Source material:
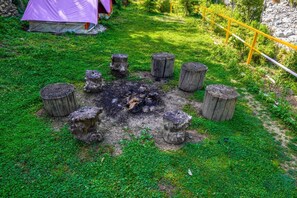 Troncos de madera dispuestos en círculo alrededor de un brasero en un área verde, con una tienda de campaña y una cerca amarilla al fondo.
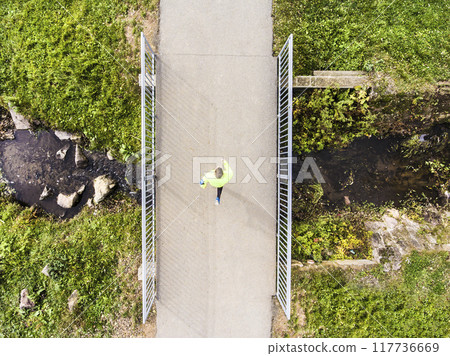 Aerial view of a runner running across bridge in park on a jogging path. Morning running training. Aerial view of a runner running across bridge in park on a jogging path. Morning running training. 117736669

* * *

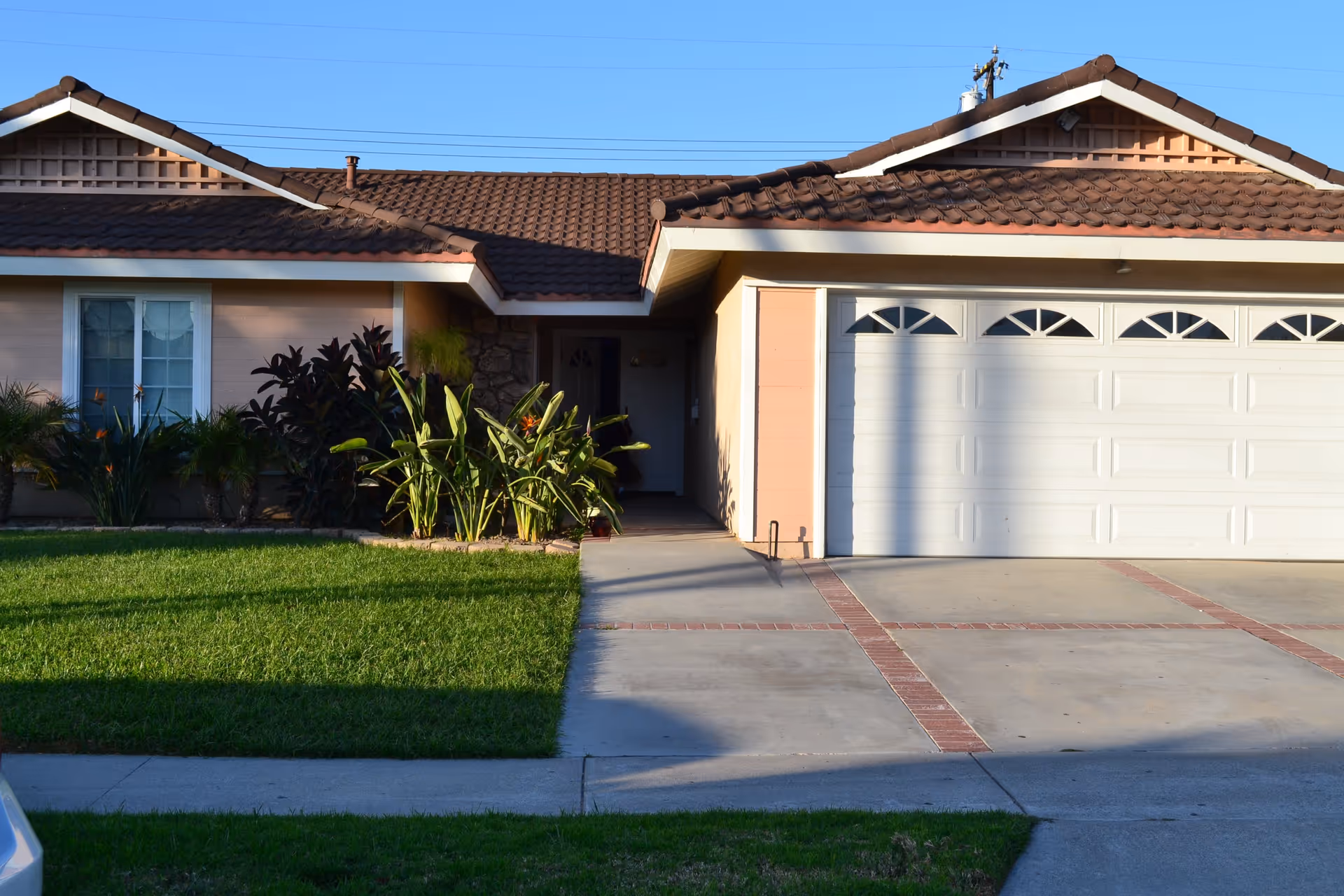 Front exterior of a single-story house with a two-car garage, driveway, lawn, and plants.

What you will do: Though the entries above contain pictures, none should be copied; reproduce only the lines between the one holding "Troncos de madera" and the one holding "running training. 117736669", inclusive, exactly as written.

Expected answer:
 Troncos de madera dispuestos en círculo alrededor de un brasero en un área verde, con una tienda de campaña y una cerca amarilla al fondo.
 Aerial view of a runner running across bridge in park on a jogging path. Morning running training. Aerial view of a runner running across bridge in park on a jogging path. Morning running training. 117736669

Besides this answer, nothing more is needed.